(Crawled caption data)
Start of Block
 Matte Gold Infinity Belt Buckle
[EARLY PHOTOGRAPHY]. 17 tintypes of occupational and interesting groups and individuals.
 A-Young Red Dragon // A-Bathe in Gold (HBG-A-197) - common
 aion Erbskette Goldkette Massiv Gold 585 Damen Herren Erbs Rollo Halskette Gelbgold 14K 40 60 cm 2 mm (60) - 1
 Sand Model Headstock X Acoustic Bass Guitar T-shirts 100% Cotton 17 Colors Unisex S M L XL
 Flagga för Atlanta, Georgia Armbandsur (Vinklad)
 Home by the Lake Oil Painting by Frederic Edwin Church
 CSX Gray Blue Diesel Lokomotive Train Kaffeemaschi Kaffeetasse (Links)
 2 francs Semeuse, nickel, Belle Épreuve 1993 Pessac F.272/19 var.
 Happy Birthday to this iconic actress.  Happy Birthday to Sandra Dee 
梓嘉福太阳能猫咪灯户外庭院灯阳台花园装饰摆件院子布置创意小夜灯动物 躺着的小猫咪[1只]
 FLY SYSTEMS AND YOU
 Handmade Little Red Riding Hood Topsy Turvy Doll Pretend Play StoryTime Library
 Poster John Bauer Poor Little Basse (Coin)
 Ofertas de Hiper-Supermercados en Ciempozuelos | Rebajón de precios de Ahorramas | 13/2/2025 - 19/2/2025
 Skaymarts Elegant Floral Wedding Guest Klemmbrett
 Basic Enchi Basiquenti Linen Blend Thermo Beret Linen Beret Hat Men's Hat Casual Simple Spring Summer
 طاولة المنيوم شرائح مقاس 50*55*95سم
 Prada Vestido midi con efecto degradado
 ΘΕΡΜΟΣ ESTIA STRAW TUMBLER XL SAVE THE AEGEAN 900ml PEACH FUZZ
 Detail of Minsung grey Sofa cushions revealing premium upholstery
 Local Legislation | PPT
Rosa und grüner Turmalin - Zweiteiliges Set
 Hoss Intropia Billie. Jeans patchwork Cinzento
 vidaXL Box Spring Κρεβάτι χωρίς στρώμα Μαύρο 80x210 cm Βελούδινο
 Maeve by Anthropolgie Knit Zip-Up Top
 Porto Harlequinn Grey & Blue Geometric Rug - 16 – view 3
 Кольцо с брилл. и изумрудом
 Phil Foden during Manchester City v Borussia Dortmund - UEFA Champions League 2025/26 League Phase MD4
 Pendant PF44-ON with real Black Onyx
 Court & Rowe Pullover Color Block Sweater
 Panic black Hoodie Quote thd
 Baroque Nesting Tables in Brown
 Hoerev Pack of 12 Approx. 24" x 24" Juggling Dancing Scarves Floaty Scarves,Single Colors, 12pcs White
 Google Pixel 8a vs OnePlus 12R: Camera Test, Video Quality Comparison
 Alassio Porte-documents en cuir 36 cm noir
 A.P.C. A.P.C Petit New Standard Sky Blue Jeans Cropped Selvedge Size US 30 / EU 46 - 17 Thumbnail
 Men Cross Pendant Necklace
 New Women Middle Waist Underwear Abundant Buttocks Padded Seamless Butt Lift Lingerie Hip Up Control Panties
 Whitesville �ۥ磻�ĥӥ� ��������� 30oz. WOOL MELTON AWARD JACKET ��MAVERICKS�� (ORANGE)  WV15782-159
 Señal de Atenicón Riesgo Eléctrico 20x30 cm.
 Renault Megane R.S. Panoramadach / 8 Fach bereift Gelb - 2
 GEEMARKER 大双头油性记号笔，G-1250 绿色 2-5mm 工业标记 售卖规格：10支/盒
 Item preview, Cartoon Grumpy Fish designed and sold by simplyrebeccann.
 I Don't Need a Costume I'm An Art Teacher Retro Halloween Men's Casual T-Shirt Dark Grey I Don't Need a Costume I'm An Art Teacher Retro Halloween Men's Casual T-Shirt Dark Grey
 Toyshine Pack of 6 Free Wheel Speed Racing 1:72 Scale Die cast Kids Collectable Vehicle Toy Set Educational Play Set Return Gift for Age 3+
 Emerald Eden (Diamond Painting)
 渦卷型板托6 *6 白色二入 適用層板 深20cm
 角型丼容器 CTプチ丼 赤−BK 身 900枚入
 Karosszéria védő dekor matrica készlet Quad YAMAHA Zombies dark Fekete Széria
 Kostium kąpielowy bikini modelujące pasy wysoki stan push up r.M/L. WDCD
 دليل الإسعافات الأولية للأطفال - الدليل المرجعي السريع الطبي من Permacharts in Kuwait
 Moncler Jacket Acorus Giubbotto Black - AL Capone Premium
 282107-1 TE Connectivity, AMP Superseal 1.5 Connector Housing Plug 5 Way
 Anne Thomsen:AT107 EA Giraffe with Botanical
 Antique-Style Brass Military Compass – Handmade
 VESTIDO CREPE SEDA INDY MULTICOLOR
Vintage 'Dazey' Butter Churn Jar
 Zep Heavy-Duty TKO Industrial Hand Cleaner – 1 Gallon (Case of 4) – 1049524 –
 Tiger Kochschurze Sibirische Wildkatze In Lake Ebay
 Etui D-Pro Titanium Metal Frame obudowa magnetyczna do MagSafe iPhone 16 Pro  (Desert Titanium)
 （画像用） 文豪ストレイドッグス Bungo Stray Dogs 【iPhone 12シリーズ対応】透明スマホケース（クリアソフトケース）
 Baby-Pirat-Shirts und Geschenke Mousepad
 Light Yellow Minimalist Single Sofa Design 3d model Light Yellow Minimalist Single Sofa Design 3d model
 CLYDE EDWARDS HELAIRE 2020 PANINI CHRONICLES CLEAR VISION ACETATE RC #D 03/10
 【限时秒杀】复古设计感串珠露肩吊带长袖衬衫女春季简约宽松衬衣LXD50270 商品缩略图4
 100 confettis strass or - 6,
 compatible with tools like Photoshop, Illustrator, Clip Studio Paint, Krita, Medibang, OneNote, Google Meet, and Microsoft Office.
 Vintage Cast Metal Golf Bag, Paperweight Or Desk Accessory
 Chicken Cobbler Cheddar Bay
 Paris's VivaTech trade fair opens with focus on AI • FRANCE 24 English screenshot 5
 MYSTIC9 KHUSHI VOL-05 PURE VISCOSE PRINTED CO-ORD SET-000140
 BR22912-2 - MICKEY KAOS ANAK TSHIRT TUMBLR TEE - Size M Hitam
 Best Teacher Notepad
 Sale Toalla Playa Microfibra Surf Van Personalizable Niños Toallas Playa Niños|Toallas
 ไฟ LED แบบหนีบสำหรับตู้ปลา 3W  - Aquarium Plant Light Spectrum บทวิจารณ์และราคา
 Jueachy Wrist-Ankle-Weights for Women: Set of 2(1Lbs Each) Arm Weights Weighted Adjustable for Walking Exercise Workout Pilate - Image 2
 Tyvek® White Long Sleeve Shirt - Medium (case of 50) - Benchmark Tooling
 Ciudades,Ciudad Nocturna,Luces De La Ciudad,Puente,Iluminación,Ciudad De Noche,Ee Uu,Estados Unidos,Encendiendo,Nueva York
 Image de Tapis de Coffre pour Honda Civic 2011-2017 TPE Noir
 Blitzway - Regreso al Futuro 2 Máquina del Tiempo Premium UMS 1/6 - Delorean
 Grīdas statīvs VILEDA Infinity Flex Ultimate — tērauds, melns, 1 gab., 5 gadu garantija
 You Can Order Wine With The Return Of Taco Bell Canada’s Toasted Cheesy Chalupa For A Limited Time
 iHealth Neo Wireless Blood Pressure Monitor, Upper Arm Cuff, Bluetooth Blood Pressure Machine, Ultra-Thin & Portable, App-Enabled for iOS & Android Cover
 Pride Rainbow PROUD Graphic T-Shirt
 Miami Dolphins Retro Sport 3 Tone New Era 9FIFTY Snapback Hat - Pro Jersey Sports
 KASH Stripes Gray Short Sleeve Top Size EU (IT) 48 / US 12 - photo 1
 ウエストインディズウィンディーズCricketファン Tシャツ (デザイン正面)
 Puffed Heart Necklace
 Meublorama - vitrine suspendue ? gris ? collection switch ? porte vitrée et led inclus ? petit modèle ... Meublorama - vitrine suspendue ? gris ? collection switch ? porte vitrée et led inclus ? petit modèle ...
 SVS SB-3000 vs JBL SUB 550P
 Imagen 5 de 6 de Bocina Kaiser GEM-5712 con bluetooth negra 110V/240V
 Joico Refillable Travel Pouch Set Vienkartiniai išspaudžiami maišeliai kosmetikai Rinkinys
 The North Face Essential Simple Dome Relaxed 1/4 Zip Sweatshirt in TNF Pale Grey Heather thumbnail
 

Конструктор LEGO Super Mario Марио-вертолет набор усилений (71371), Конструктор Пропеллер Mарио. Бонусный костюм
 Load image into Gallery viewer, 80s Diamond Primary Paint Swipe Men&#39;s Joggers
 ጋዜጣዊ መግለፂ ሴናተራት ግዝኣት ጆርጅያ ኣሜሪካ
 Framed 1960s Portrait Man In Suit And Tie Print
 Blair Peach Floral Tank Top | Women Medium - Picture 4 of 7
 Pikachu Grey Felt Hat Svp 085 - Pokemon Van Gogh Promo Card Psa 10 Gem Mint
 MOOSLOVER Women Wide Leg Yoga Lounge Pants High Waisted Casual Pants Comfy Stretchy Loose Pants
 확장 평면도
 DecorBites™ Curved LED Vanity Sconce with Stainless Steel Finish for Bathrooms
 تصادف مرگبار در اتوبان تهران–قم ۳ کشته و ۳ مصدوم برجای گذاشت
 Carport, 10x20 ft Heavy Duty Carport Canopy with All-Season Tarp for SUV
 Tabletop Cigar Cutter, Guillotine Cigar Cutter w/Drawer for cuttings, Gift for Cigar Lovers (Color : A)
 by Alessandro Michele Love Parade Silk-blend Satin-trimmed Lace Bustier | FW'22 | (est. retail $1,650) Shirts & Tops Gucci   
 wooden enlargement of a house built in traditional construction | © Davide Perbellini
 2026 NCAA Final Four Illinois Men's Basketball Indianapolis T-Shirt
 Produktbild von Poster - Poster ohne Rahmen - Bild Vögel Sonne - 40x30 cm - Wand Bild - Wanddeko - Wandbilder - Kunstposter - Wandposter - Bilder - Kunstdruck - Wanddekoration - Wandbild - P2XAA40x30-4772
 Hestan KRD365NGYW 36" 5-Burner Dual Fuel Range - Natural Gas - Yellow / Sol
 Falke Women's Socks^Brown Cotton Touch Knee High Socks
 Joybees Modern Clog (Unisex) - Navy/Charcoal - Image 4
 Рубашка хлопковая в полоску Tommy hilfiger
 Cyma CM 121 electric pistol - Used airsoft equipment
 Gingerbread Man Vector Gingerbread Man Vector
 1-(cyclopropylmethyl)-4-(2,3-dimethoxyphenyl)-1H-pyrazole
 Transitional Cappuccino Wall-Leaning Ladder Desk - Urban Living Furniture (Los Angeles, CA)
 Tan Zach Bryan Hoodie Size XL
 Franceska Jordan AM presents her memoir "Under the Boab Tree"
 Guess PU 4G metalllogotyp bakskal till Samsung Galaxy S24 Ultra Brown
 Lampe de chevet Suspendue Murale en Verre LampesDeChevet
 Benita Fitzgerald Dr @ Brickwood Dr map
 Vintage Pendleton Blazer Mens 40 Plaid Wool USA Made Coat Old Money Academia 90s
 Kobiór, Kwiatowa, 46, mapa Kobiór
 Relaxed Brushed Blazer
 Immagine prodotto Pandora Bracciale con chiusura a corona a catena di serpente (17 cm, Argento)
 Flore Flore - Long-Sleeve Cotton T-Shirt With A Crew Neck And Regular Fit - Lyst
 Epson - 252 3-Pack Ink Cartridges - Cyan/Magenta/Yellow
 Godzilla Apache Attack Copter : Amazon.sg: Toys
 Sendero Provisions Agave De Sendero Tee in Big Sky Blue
End of Block
The lines above, from the start of the records through the one containing "Poster John Bauer Poor Little Basse (Coin)", are to be printed exactly, and nothing else is to be included.

### Written response
 Matte Gold Infinity Belt Buckle
[EARLY PHOTOGRAPHY]. 17 tintypes of occupational and interesting groups and individuals.
 A-Young Red Dragon // A-Bathe in Gold (HBG-A-197) - common
 aion Erbskette Goldkette Massiv Gold 585 Damen Herren Erbs Rollo Halskette Gelbgold 14K 40 60 cm 2 mm (60) - 1
 Sand Model Headstock X Acoustic Bass Guitar T-shirts 100% Cotton 17 Colors Unisex S M L XL
 Flagga för Atlanta, Georgia Armbandsur (Vinklad)
 Home by the Lake Oil Painting by Frederic Edwin Church
 CSX Gray Blue Diesel Lokomotive Train Kaffeemaschi Kaffeetasse (Links)
 2 francs Semeuse, nickel, Belle Épreuve 1993 Pessac F.272/19 var.
 Happy Birthday to this iconic actress.  Happy Birthday to Sandra Dee 
梓嘉福太阳能猫咪灯户外庭院灯阳台花园装饰摆件院子布置创意小夜灯动物 躺着的小猫咪[1只]
 FLY SYSTEMS AND YOU
 Handmade Little Red Riding Hood Topsy Turvy Doll Pretend Play StoryTime Library
 Poster John Bauer Poor Little Basse (Coin)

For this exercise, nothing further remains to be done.